──────── Exercise material ────────
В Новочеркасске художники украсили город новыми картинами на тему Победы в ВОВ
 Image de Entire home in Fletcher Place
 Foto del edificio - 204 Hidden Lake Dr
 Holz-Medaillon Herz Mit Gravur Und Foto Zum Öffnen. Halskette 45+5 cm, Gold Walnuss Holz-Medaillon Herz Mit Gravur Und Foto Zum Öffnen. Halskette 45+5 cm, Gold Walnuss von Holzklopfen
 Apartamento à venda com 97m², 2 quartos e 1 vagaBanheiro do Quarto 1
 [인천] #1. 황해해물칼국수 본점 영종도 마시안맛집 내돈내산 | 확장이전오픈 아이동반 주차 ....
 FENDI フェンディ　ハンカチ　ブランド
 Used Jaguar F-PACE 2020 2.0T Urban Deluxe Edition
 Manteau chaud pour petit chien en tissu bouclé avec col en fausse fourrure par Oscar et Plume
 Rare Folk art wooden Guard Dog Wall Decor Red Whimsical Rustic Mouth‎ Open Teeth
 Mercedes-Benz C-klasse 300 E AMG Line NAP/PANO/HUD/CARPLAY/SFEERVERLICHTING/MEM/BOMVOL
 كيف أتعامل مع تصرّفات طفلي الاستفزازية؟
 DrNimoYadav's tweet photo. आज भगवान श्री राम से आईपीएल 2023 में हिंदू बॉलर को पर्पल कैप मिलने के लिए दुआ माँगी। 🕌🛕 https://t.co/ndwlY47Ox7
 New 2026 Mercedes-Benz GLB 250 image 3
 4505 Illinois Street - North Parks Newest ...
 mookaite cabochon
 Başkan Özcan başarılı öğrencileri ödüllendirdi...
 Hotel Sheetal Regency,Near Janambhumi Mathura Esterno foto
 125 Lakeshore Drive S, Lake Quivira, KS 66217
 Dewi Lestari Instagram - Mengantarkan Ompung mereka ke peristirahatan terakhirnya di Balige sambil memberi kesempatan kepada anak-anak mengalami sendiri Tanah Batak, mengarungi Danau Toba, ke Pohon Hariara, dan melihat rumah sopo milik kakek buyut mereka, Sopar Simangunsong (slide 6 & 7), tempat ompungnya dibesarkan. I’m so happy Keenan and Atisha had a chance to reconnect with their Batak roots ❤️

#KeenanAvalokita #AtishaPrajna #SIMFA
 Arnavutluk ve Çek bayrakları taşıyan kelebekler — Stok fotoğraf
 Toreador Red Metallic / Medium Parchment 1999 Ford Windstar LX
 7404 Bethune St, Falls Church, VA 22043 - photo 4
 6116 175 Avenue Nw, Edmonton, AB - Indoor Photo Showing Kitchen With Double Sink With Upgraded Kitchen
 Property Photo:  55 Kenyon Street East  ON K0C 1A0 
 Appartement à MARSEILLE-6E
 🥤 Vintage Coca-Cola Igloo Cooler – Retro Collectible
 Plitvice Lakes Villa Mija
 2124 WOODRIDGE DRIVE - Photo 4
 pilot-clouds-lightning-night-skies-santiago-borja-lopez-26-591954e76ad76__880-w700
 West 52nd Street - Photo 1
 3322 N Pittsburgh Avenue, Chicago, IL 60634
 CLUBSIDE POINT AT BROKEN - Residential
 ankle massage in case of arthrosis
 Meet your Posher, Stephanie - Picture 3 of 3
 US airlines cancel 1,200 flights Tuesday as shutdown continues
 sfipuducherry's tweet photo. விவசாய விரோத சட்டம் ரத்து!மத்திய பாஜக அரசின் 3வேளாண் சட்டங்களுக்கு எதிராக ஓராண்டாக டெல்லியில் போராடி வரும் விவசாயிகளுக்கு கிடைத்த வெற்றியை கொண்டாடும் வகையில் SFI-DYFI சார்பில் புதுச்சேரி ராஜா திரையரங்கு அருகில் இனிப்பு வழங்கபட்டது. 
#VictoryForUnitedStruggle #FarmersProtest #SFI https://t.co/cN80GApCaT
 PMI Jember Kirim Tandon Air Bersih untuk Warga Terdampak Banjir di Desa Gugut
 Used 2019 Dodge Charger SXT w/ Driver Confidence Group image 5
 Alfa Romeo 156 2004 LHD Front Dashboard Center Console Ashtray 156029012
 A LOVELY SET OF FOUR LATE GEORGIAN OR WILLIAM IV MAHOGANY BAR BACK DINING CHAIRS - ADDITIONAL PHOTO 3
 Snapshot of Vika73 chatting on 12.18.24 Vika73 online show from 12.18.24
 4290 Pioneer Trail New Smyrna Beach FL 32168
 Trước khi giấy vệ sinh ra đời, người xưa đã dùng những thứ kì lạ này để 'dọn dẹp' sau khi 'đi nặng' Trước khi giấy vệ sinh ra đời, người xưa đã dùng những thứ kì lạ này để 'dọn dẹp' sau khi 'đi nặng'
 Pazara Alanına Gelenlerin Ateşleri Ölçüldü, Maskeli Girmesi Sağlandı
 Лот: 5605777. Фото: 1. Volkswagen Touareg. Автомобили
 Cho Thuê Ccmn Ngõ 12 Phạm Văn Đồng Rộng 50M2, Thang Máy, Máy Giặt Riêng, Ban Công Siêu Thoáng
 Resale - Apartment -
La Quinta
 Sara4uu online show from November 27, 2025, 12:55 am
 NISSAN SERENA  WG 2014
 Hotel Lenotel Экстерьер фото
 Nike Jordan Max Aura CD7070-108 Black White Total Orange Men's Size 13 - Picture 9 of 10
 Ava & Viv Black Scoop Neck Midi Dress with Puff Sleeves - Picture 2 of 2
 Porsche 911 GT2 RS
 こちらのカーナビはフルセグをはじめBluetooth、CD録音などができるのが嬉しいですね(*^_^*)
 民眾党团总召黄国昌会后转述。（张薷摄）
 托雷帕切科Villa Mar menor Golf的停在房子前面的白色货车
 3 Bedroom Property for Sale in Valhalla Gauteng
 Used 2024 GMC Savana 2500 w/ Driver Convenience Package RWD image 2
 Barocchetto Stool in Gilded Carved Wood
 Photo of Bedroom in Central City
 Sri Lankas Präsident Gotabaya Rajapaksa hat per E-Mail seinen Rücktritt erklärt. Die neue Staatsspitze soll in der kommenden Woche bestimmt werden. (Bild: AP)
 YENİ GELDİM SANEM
────────
What to produce:
Set down the whole listing again, exactly as it was given.

Exercise result:
В Новочеркасске художники украсили город новыми картинами на тему Победы в ВОВ
 Image de Entire home in Fletcher Place
 Foto del edificio - 204 Hidden Lake Dr
 Holz-Medaillon Herz Mit Gravur Und Foto Zum Öffnen. Halskette 45+5 cm, Gold Walnuss Holz-Medaillon Herz Mit Gravur Und Foto Zum Öffnen. Halskette 45+5 cm, Gold Walnuss von Holzklopfen
 Apartamento à venda com 97m², 2 quartos e 1 vagaBanheiro do Quarto 1
 [인천] #1. 황해해물칼국수 본점 영종도 마시안맛집 내돈내산 | 확장이전오픈 아이동반 주차 ....
 FENDI フェンディ　ハンカチ　ブランド
 Used Jaguar F-PACE 2020 2.0T Urban Deluxe Edition
 Manteau chaud pour petit chien en tissu bouclé avec col en fausse fourrure par Oscar et Plume
 Rare Folk art wooden Guard Dog Wall Decor Red Whimsical Rustic Mouth‎ Open Teeth
 Mercedes-Benz C-klasse 300 E AMG Line NAP/PANO/HUD/CARPLAY/SFEERVERLICHTING/MEM/BOMVOL
 كيف أتعامل مع تصرّفات طفلي الاستفزازية؟
 DrNimoYadav's tweet photo. आज भगवान श्री राम से आईपीएल 2023 में हिंदू बॉलर को पर्पल कैप मिलने के लिए दुआ माँगी। 🕌🛕 https://t.co/ndwlY47Ox7
 New 2026 Mercedes-Benz GLB 250 image 3
 4505 Illinois Street - North Parks Newest ...
 mookaite cabochon
 Başkan Özcan başarılı öğrencileri ödüllendirdi...
 Hotel Sheetal Regency,Near Janambhumi Mathura Esterno foto
 125 Lakeshore Drive S, Lake Quivira, KS 66217
 Dewi Lestari Instagram - Mengantarkan Ompung mereka ke peristirahatan terakhirnya di Balige sambil memberi kesempatan kepada anak-anak mengalami sendiri Tanah Batak, mengarungi Danau Toba, ke Pohon Hariara, dan melihat rumah sopo milik kakek buyut mereka, Sopar Simangunsong (slide 6 & 7), tempat ompungnya dibesarkan. I’m so happy Keenan and Atisha had a chance to reconnect with their Batak roots ❤️

#KeenanAvalokita #AtishaPrajna #SIMFA
 Arnavutluk ve Çek bayrakları taşıyan kelebekler — Stok fotoğraf
 Toreador Red Metallic / Medium Parchment 1999 Ford Windstar LX
 7404 Bethune St, Falls Church, VA 22043 - photo 4
 6116 175 Avenue Nw, Edmonton, AB - Indoor Photo Showing Kitchen With Double Sink With Upgraded Kitchen
 Property Photo:  55 Kenyon Street East  ON K0C 1A0 
 Appartement à MARSEILLE-6E
 🥤 Vintage Coca-Cola Igloo Cooler – Retro Collectible
 Plitvice Lakes Villa Mija
 2124 WOODRIDGE DRIVE - Photo 4
 pilot-clouds-lightning-night-skies-santiago-borja-lopez-26-591954e76ad76__880-w700
 West 52nd Street - Photo 1
 3322 N Pittsburgh Avenue, Chicago, IL 60634
 CLUBSIDE POINT AT BROKEN - Residential
 ankle massage in case of arthrosis
 Meet your Posher, Stephanie - Picture 3 of 3
 US airlines cancel 1,200 flights Tuesday as shutdown continues
 sfipuducherry's tweet photo. விவசாய விரோத சட்டம் ரத்து!மத்திய பாஜக அரசின் 3வேளாண் சட்டங்களுக்கு எதிராக ஓராண்டாக டெல்லியில் போராடி வரும் விவசாயிகளுக்கு கிடைத்த வெற்றியை கொண்டாடும் வகையில் SFI-DYFI சார்பில் புதுச்சேரி ராஜா திரையரங்கு அருகில் இனிப்பு வழங்கபட்டது. 
#VictoryForUnitedStruggle #FarmersProtest #SFI https://t.co/cN80GApCaT
 PMI Jember Kirim Tandon Air Bersih untuk Warga Terdampak Banjir di Desa Gugut
 Used 2019 Dodge Charger SXT w/ Driver Confidence Group image 5
 Alfa Romeo 156 2004 LHD Front Dashboard Center Console Ashtray 156029012
 A LOVELY SET OF FOUR LATE GEORGIAN OR WILLIAM IV MAHOGANY BAR BACK DINING CHAIRS - ADDITIONAL PHOTO 3
 Snapshot of Vika73 chatting on 12.18.24 Vika73 online show from 12.18.24
 4290 Pioneer Trail New Smyrna Beach FL 32168
 Trước khi giấy vệ sinh ra đời, người xưa đã dùng những thứ kì lạ này để 'dọn dẹp' sau khi 'đi nặng' Trước khi giấy vệ sinh ra đời, người xưa đã dùng những thứ kì lạ này để 'dọn dẹp' sau khi 'đi nặng'
 Pazara Alanına Gelenlerin Ateşleri Ölçüldü, Maskeli Girmesi Sağlandı
 Лот: 5605777. Фото: 1. Volkswagen Touareg. Автомобили
 Cho Thuê Ccmn Ngõ 12 Phạm Văn Đồng Rộng 50M2, Thang Máy, Máy Giặt Riêng, Ban Công Siêu Thoáng
 Resale - Apartment -
La Quinta
 Sara4uu online show from November 27, 2025, 12:55 am
 NISSAN SERENA  WG 2014
 Hotel Lenotel Экстерьер фото
 Nike Jordan Max Aura CD7070-108 Black White Total Orange Men's Size 13 - Picture 9 of 10
 Ava & Viv Black Scoop Neck Midi Dress with Puff Sleeves - Picture 2 of 2
 Porsche 911 GT2 RS
 こちらのカーナビはフルセグをはじめBluetooth、CD録音などができるのが嬉しいですね(*^_^*)
 民眾党团总召黄国昌会后转述。（张薷摄）
 托雷帕切科Villa Mar menor Golf的停在房子前面的白色货车
 3 Bedroom Property for Sale in Valhalla Gauteng
 Used 2024 GMC Savana 2500 w/ Driver Convenience Package RWD image 2
 Barocchetto Stool in Gilded Carved Wood
 Photo of Bedroom in Central City
 Sri Lankas Präsident Gotabaya Rajapaksa hat per E-Mail seinen Rücktritt erklärt. Die neue Staatsspitze soll in der kommenden Woche bestimmt werden. (Bild: AP)
 YENİ GELDİM SANEM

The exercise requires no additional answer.